As you know, there were hundreds of different kinds of dinosaurs. Here we show you how to draw one of the most popular and one of the easiest to draw, the brontosaurus. But you can use the principles you learn here to draw other dinosaurs, like Tyrannosaurus rex and Triceratops. Actually, the Triceratops has almost exactly an elephant's body, and we show how to draw an elephant here.
Unlike most of the other animals, you can not study dinosaurs wandering around. Usually this is the best way to draw a more realistic animal, because you can practice drawing them from a bunch of different angles in a bunch of different poses, and you can see how they interact with each other and what their habits are. That might seem trivial at first, but its important: You'd look silly if you drew a bunch of Tyrannosaurus rexes grazing together, or a lone Brachiosaurus attacking a Dimetrodon.
Practice how to draw a dinosaur here:
Dinosaurs look good in black and white or with colored media. You can draw them with an isolated or blank background, but your drawings will be much more interesting if you add appropriate plants and some landscape in the background. You can also color the dinosaur, but largely we are still guessing about what colors they were. Most people draw them as either green or brown, or a blend of both.

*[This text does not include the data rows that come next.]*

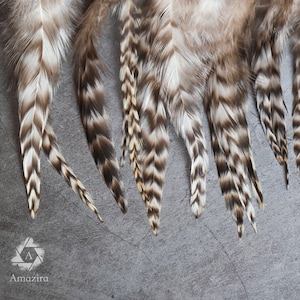 May include: A collection of eight brown and white feathers with a chevron pattern. The feathers are arranged in a row on a gray surface.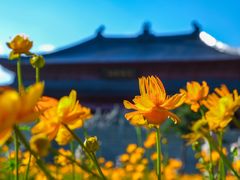 -五台山风景区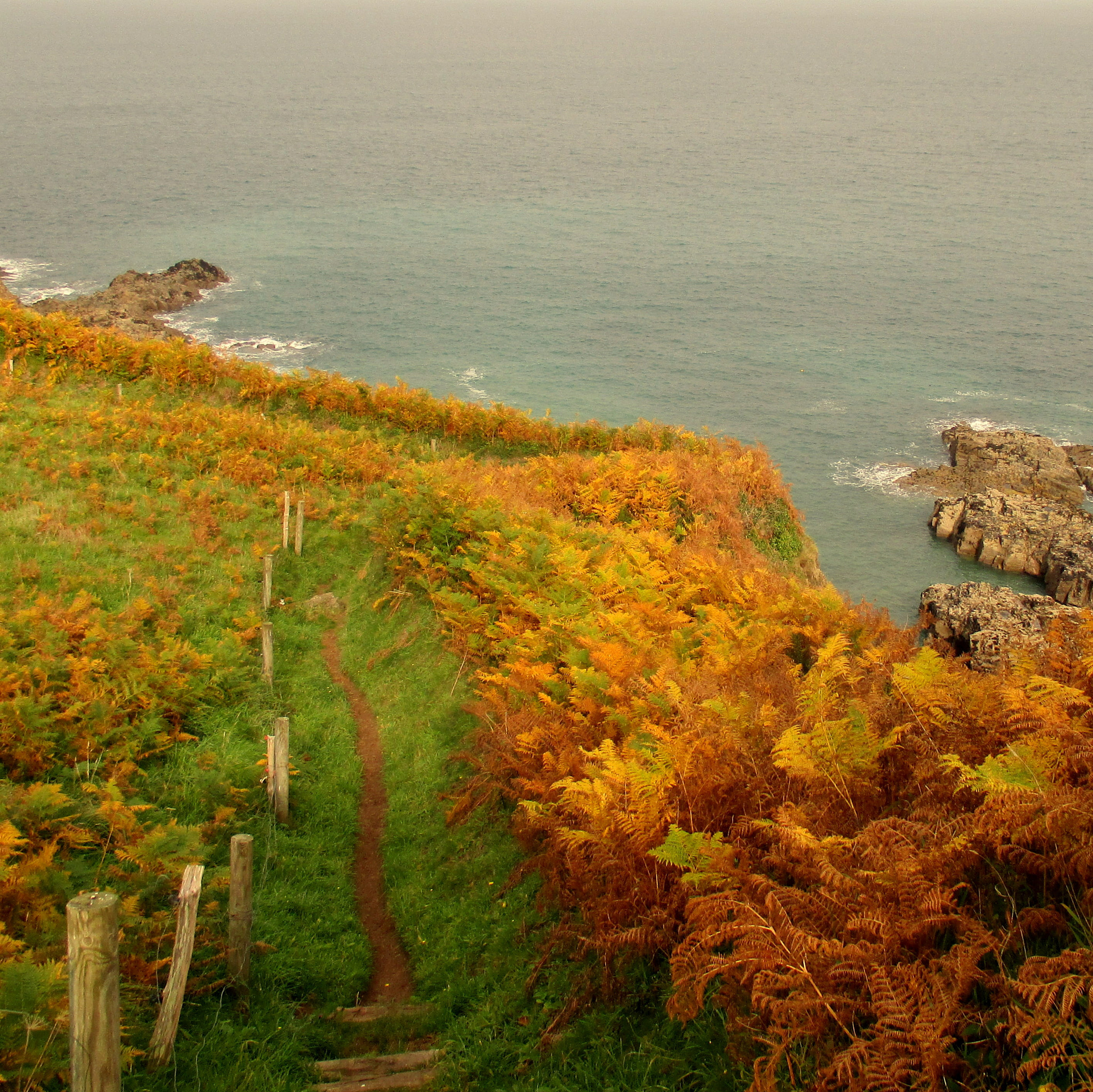 Canon PowerShot ELPH 135 (IXUS 145 / IXY 120) sample photo. Coastal path photography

Very few people actually paint dinosaurs. They tend to be drawn with colored pencils by professional artists, but thousands of wonderful images have been produced by little kids with nothing more than crayola crayons. You will need to learn your dinosaur ABCs, though, because most six year olds know enough about them now to tell that the reason you'd never, ever draw a Brachiosaurus attacking a Dimetrodon is, for starters, because they lived about 20 million years apart.